AIM OF THE TASK: The response must consist of the lines below from the one with "So here is the" through the one with "It's optimised to", exactly as they appear and with both ends kept.

--*--

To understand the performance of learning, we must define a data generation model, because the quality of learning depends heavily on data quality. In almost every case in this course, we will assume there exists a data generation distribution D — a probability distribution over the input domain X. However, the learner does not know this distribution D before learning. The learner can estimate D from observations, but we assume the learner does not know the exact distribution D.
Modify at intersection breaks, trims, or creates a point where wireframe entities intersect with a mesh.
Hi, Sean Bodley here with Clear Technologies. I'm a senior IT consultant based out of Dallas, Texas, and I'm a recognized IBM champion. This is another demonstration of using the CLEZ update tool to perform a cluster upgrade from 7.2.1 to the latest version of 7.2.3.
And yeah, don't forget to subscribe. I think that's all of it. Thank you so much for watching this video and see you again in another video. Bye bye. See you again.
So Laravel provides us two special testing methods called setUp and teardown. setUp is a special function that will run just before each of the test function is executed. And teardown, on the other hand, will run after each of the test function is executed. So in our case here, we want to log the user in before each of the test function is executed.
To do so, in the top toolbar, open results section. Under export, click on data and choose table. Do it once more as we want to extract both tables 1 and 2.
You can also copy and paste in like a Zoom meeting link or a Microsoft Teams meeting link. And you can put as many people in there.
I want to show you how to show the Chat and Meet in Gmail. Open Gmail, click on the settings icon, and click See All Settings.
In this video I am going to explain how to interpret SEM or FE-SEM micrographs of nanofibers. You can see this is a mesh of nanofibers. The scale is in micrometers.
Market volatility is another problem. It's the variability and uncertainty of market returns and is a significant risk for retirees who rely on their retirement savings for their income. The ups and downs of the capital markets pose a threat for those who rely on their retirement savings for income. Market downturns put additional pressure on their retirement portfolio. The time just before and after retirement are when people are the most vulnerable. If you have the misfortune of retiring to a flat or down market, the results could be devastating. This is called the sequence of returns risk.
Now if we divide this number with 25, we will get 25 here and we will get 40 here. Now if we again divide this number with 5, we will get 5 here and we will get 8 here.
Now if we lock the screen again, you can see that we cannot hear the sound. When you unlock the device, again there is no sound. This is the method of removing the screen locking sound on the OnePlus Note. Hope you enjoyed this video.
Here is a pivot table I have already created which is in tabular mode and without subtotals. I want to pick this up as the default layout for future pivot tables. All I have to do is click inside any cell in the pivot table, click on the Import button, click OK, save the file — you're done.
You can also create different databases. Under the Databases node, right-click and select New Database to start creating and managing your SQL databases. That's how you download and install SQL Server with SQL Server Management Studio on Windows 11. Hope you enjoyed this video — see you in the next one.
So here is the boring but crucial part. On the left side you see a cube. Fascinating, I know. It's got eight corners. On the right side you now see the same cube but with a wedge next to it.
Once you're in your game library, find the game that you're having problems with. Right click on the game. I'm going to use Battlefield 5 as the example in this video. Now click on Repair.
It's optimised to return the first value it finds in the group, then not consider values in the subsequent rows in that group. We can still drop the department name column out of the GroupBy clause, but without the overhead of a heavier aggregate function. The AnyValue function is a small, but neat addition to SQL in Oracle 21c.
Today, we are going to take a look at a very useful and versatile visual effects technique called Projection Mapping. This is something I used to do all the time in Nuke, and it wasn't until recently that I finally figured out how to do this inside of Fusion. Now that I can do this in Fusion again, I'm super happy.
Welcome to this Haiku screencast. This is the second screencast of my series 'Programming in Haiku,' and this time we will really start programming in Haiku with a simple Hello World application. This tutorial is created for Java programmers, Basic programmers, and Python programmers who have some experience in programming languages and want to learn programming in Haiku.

--*--

ANSWER SECTION:
So here is the boring but crucial part. On the left side you see a cube. Fascinating, I know. It's got eight corners. On the right side you now see the same cube but with a wedge next to it.
Once you're in your game library, find the game that you're having problems with. Right click on the game. I'm going to use Battlefield 5 as the example in this video. Now click on Repair.
It's optimised to return the first value it finds in the group, then not consider values in the subsequent rows in that group. We can still drop the department name column out of the GroupBy clause, but without the overhead of a heavier aggregate function. The AnyValue function is a small, but neat addition to SQL in Oracle 21c.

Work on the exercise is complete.